Reclamation and development of the Bath Side bay had been dreamt about and rejected as, at worst, impractical, and, at best, uneconomic, for many years. But about 1968, Robert Earley and Partners—now Earley Campling Lee and Partners—later in association with the Earlpar Development Company, commissioned studies which in 1969 were explained to British Rail. Thus was first established the feasibility of the scheme. That and a series of soil surveys, hydrological studies and other investigations were commissioned by the Earlpar Development Company, it having the copyright, which was made freely available to British Rail on the clear understanding—repeatedly confirmed—that the Earlpar Development Company would carry out the scheme.

As regards British Rail, and later Sealink, it lay with the freeholder to grant a development agreement so that Earlpar Development Company could have access to the tidal mud flats in the first place. That development agreement was to be followed by a lease of the land once it had been reclaimed.

British Rail was throughout sympathetic, even enthusiastic, but anxieties about competition and a greed for extracting the maximum reliability inhibited progress. The consultant's—Earlpar Development Company—first approach was on 22 October 1969, and it was rewarded with a sympathetic reply from British Rail early in 1970, setting the tone of the relationship which would exist for the next 14 years.

The letter from British Rail read:

I assure you that if any useful developments could be introduced into the Bath Side area at Harwich, the Board would be only too pleased to assist by making land available. Our past considerations of this matter have always led us to believe that the cost of reclamation would be prohibitive, but since your company appear to be sure that more modern methods of reclamation will make this a feasible proposition, you may rest assured that the Board do not wish to place any obstacle in your way. A series of letters and meetings followed, during which, in April 1971, British Rail confirmed its intent to the point that Earlpar enjoyed its support for the Bath Side Bay Development Bill, which was enacted in August 1972. One and a half years later, in February 1974, draft heads of intention were agreed in a 10,000-word document of 34 pages. The worst sticking points were British Rail's protectionist requirement against Earlpar's port servicing trade with Benelux or any port in France as far west as Boulogne. But, despite that, three letters from the British Rail chairman, Mr. Richard Marsh—who is now in the Upper House—confirmed British Rail's readiness to proceed.

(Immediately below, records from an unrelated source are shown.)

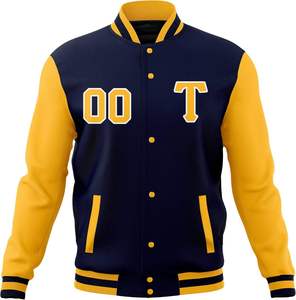 Men's Canvas Varsity <b>Jacket</b> Embroidered Letter <b>Patch</b> Casual Winter Outerwear Stand Collar Regular Fit - Product Image 2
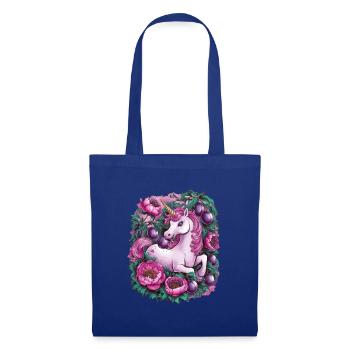 Licorne Kawaii avec des prunes et des fleurs - Sac en tissu - bleu royal - Devant
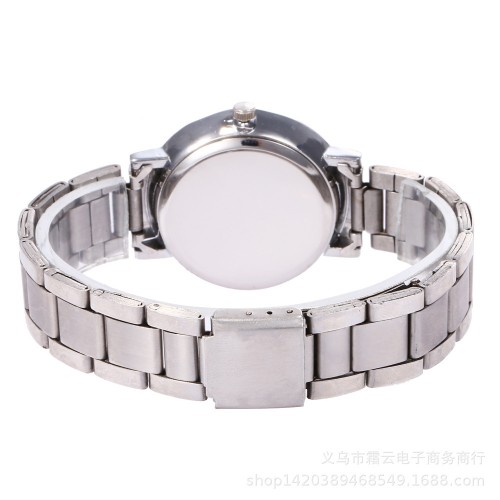 Couples Stylish Diamond Line White Dial Wrist Watches W-62W |image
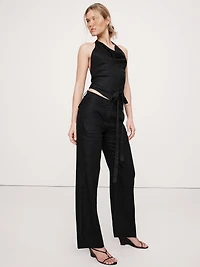 Viscose-Linen Open-Back Halter Top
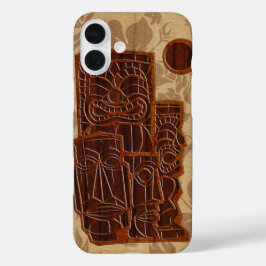 Koa Wood Tiki Sun Imitate HolzSurfboard iPhone 16 Plus Hülle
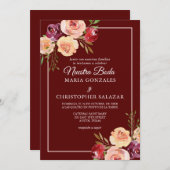 Invitation Roja Oro Flores Boda Elegante Español Mariage (Devant / Derrière)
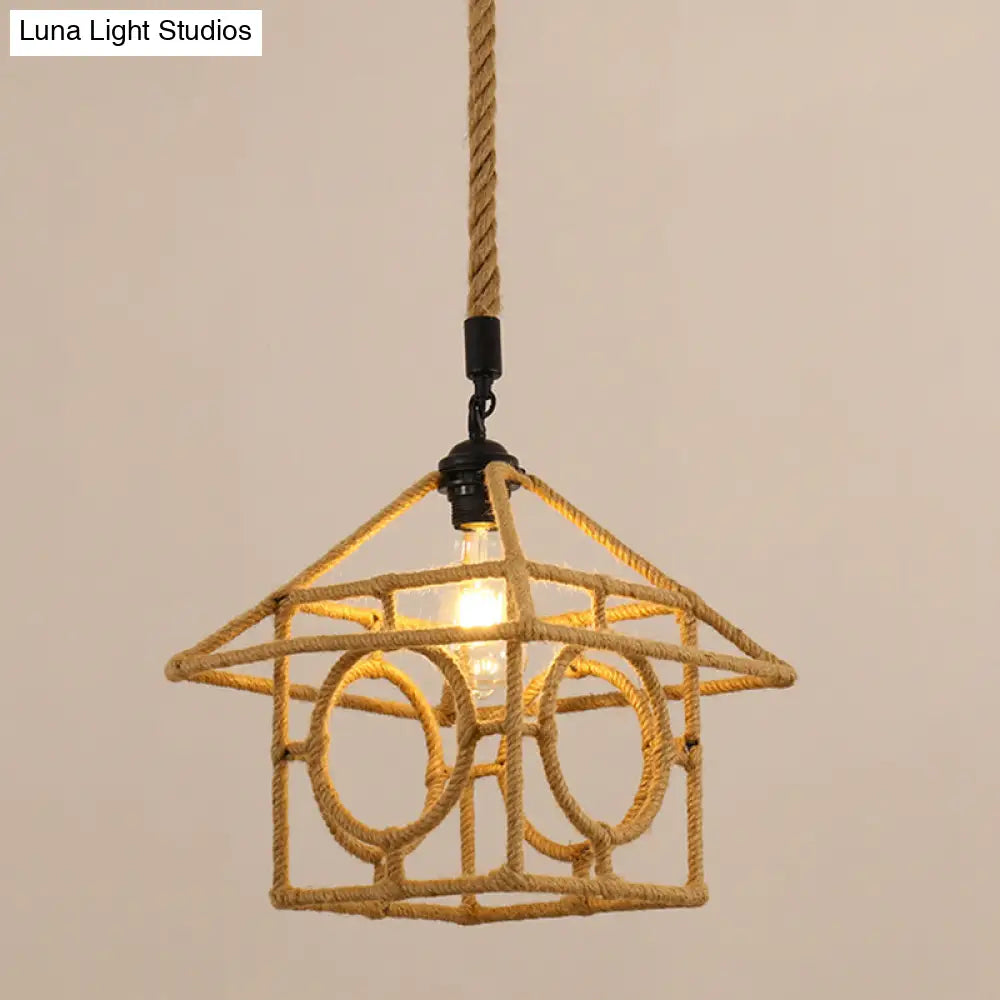 Antique Caged Pendant Light with Hemp Rope - Brown 1-Light Pendant for Restaurants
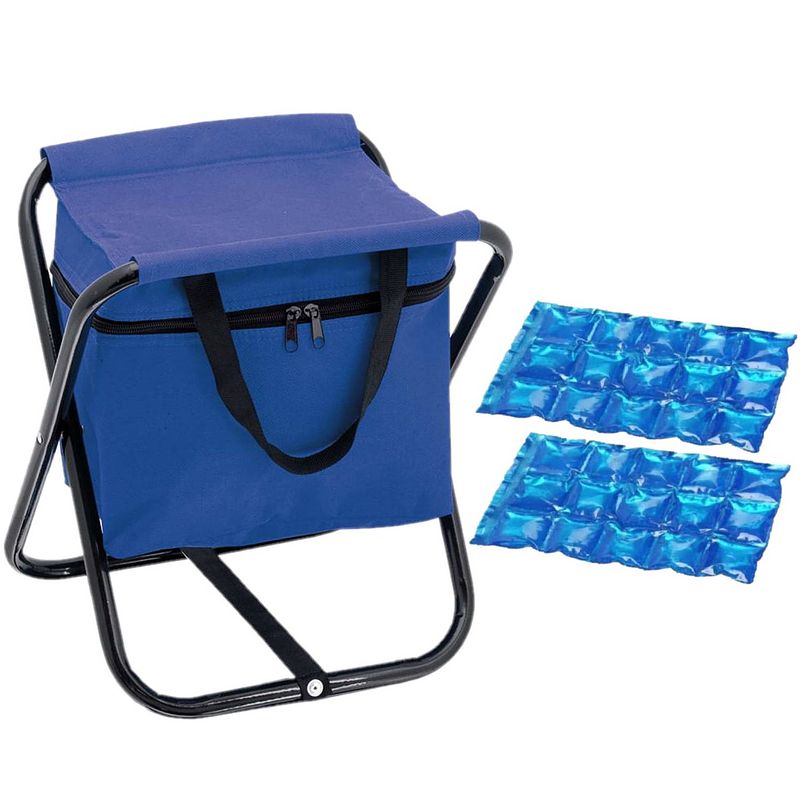 Foto van Opvouwbare stoel met koeltas blauw met 2 stuks flexibele koelelementen - koeltas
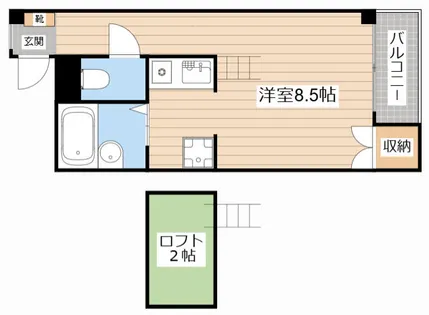 カレッジタウン風見鶏【108号室】の間取り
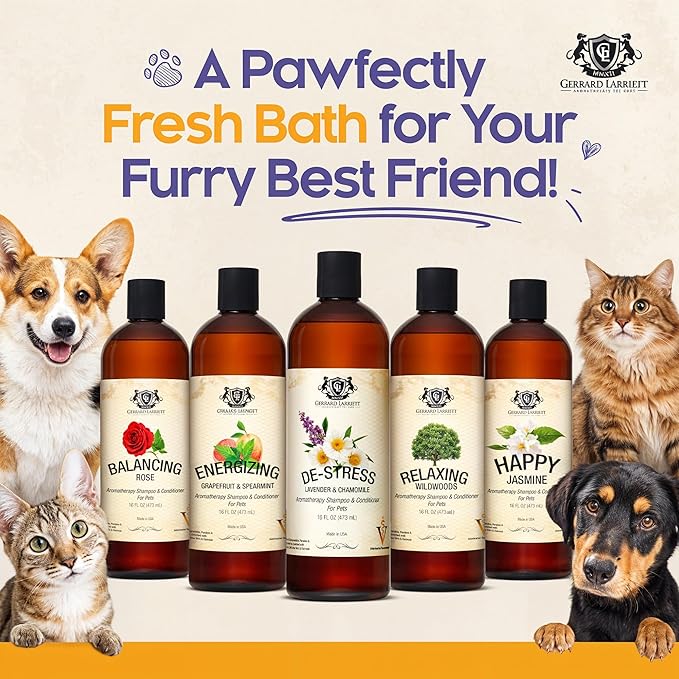 Dog Shampoo and Conditioner Balancing Rose 16 Fl Oz Dog Shampoo Itchy Skin Relief, Aromatherapy Natural Dog Shampoo for Smelly Dogs with Aloe Vera, Rose & Oatmeal Shampoo for Dogs by Gerrard Larriett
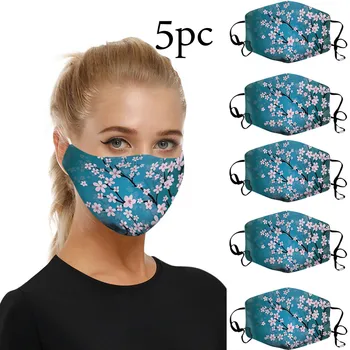 

5pc Face sheild Mouth Masks For Dust Proof Breathable Windproof Foggy Haze Pollution Washable Earloop Face Mask Mascarilla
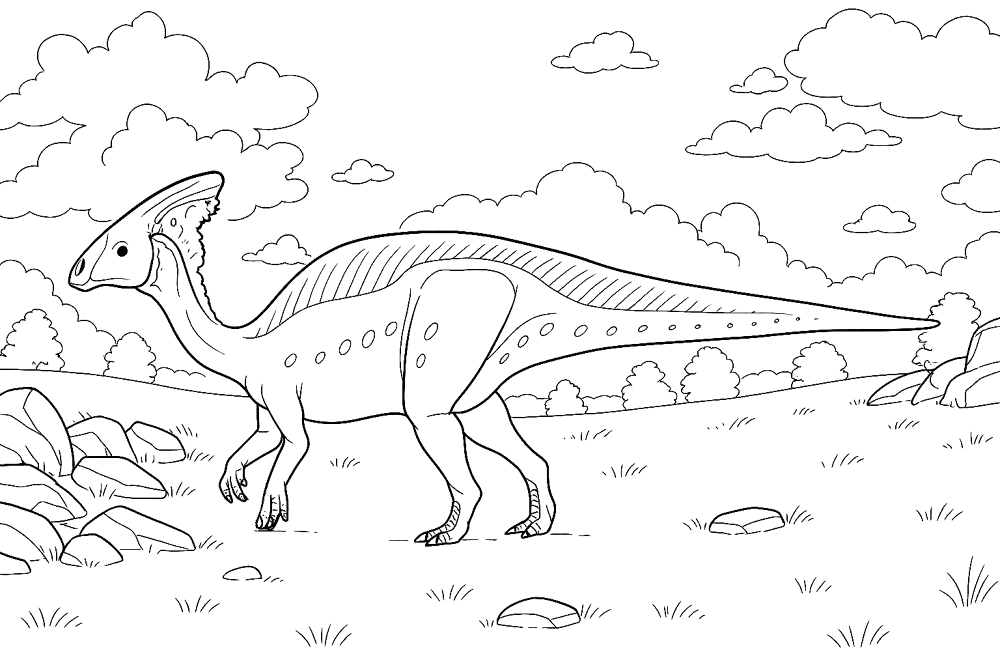 Desenho de Parassaurolofo para colorir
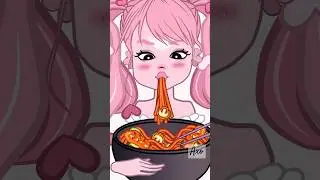 먹방 애니 | Noodles Mukbang  #shorts #mukbang #kvakaanimation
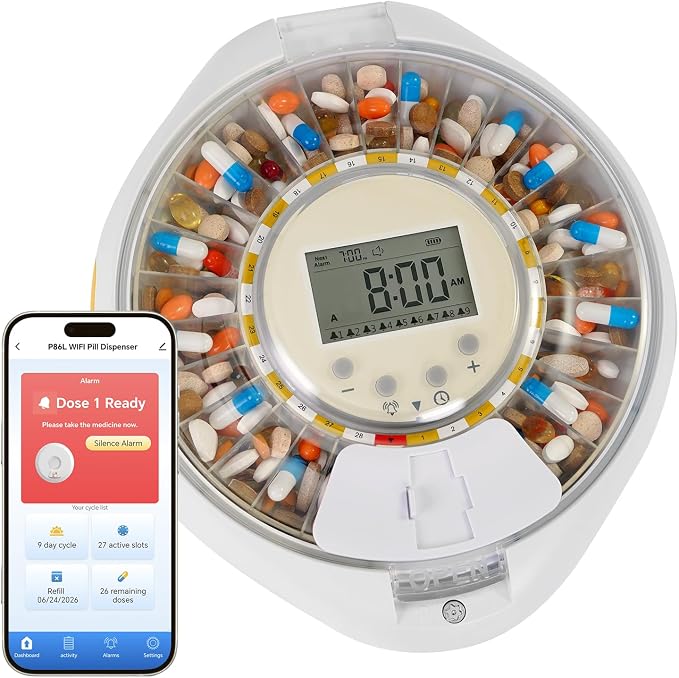 Bluetooth Automatic Pill Dispenser with App/Sound/Light Reminder for Elderly & Caregivers - Up to 9 Alarms/Day, Medication Track History, Front Security Lock & Ergonomic Flip Lid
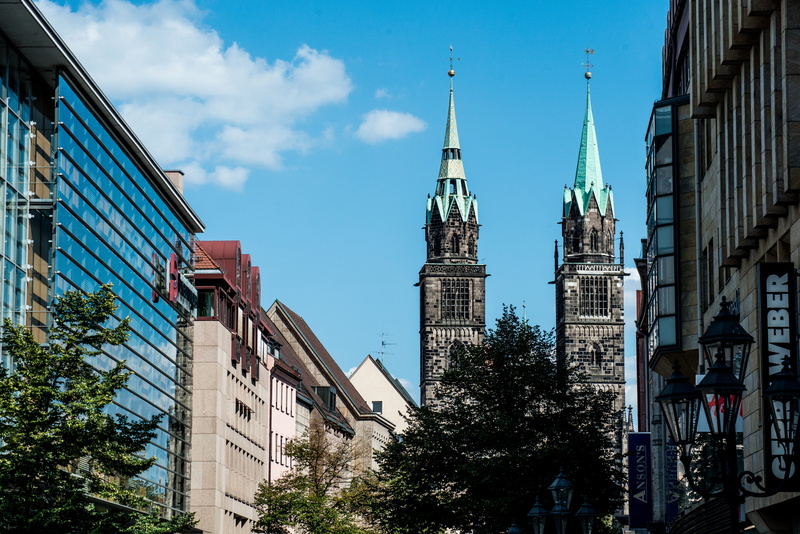 low angle view, two, germany, skyscraper, architecture, summer, nuremberg, blue, cloud - sky, office building, spirituality, gray, office building exterior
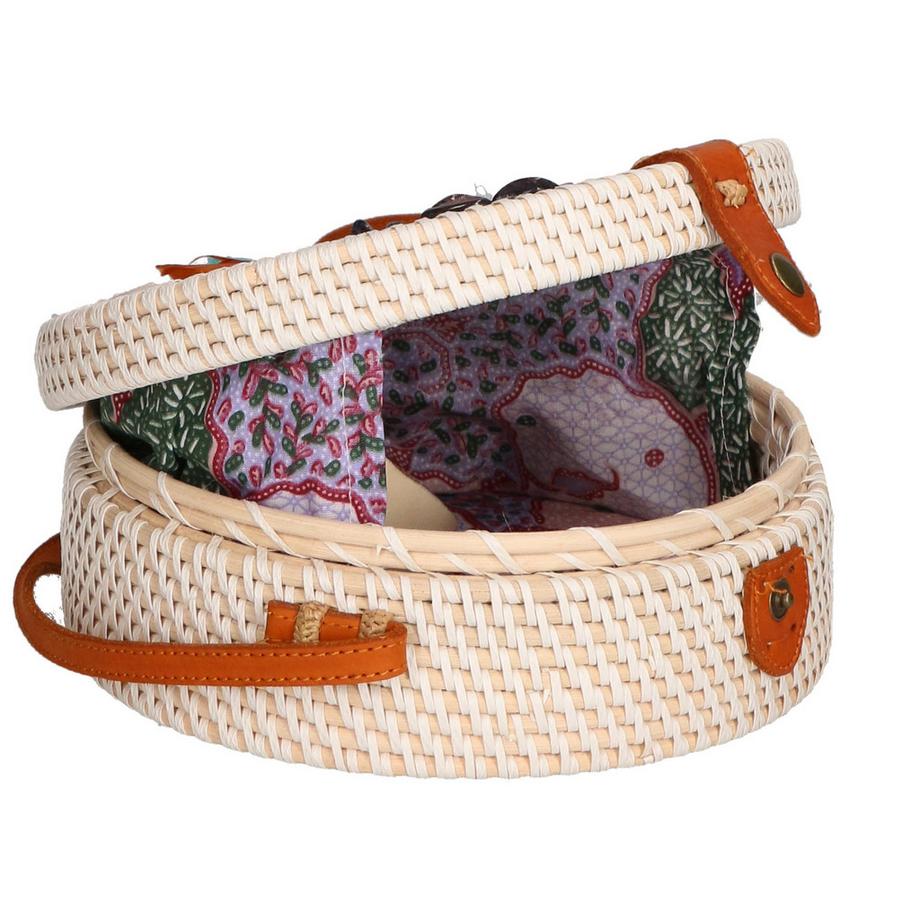 Gave Lux Borsa a tracolla rotonda intrecciata con decorazione a conchiglia  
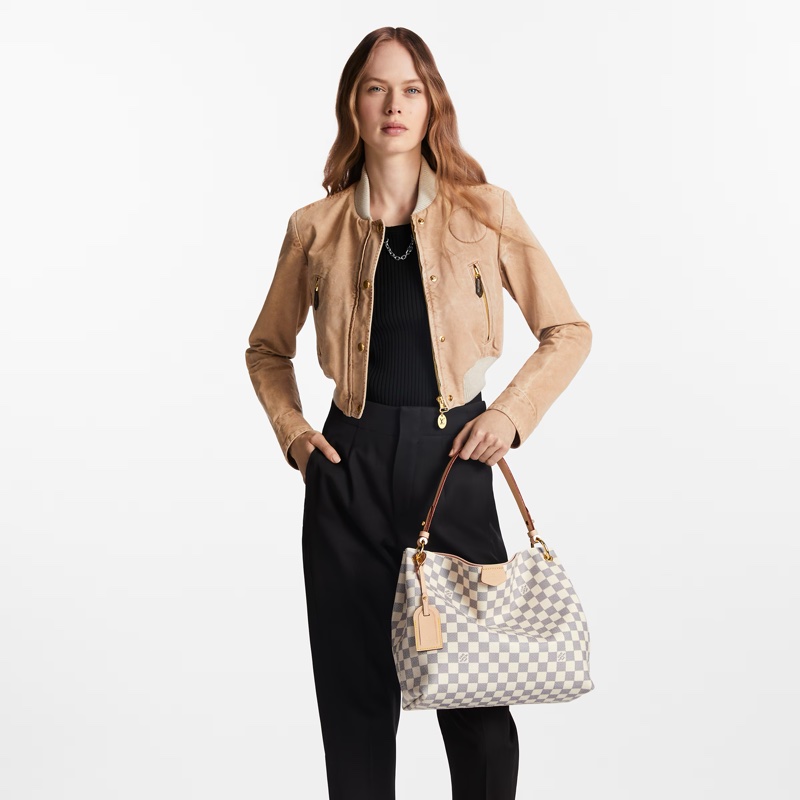 二手Louis Vuitton LV白色棋盤格graceful單肩肩背包PM-1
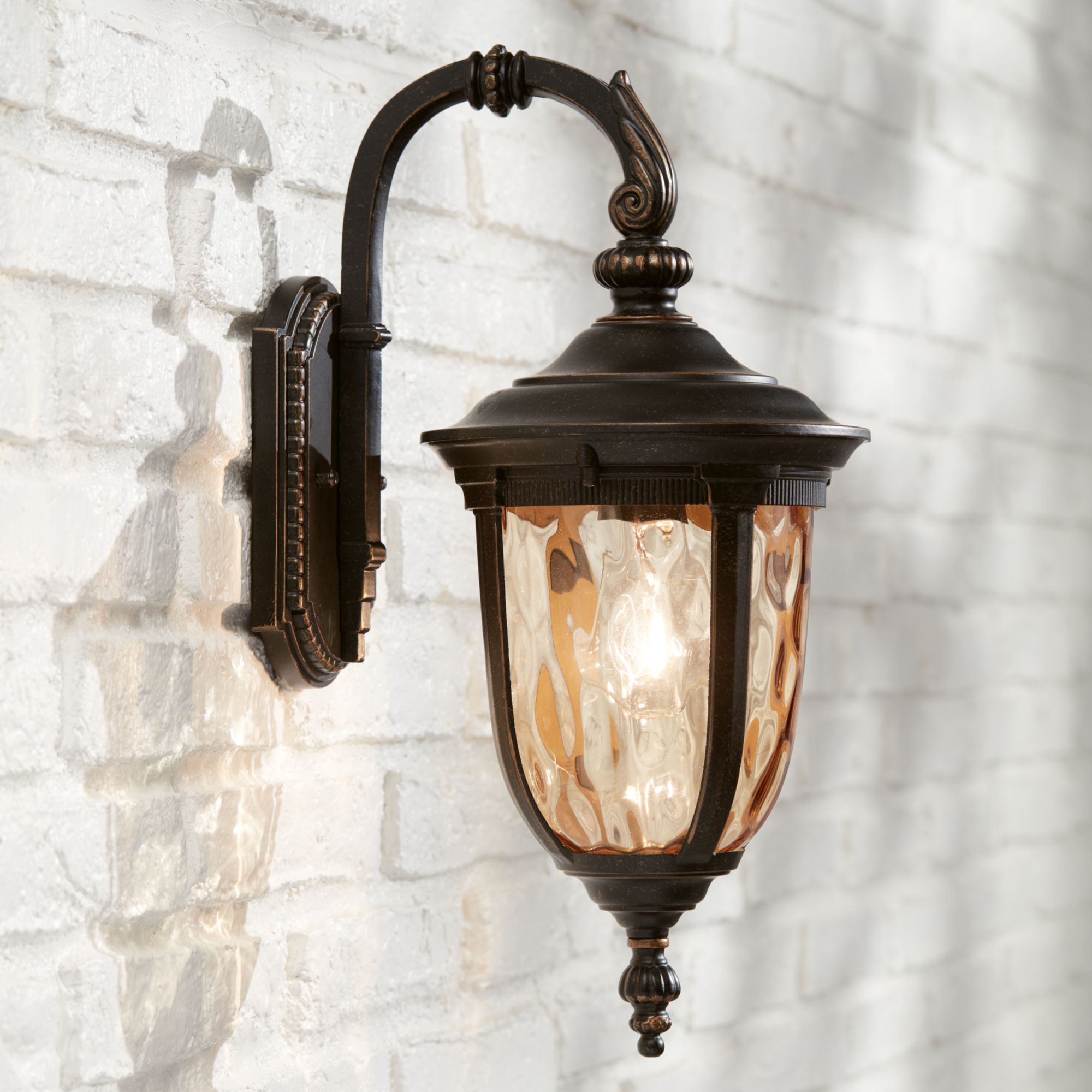 Bellagio 16 1/2" High Bronze Downbridge Outdoor Wall Light Set of 2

Progress was impeded by the Harbours Act 1964, because no port development above a certain capital cost could proceed without section 9 consent, which was mentioned by the hon. Member for Fife, Central. The Government would grant this only after consulting the National Ports Council. That body needed a bankable, contractual user commitment to prove that the user was ready to guarantee the use of X facilities over Y number of years at Z cost. This had to be in terms sufficient to service and later to redeem the capital invested. Such a commitment was required for a harbour that was unbuilt on land that was then unreclaimed. That inhibiting requirement remained in force until it was repealed by the Ports (Finance) Act 1985—about the time that Sea Containers approached Sealink.

As far back as 1972, Earlpar's first application for a section 9 consent was refused, but the company was invited to return with a further application. That was submitted in April 1974 but rejected eight months later. The grounds for rejection were political: that such a private enterprise project could not be allowed to pre-empt the then Government's policy of nationalising the ports.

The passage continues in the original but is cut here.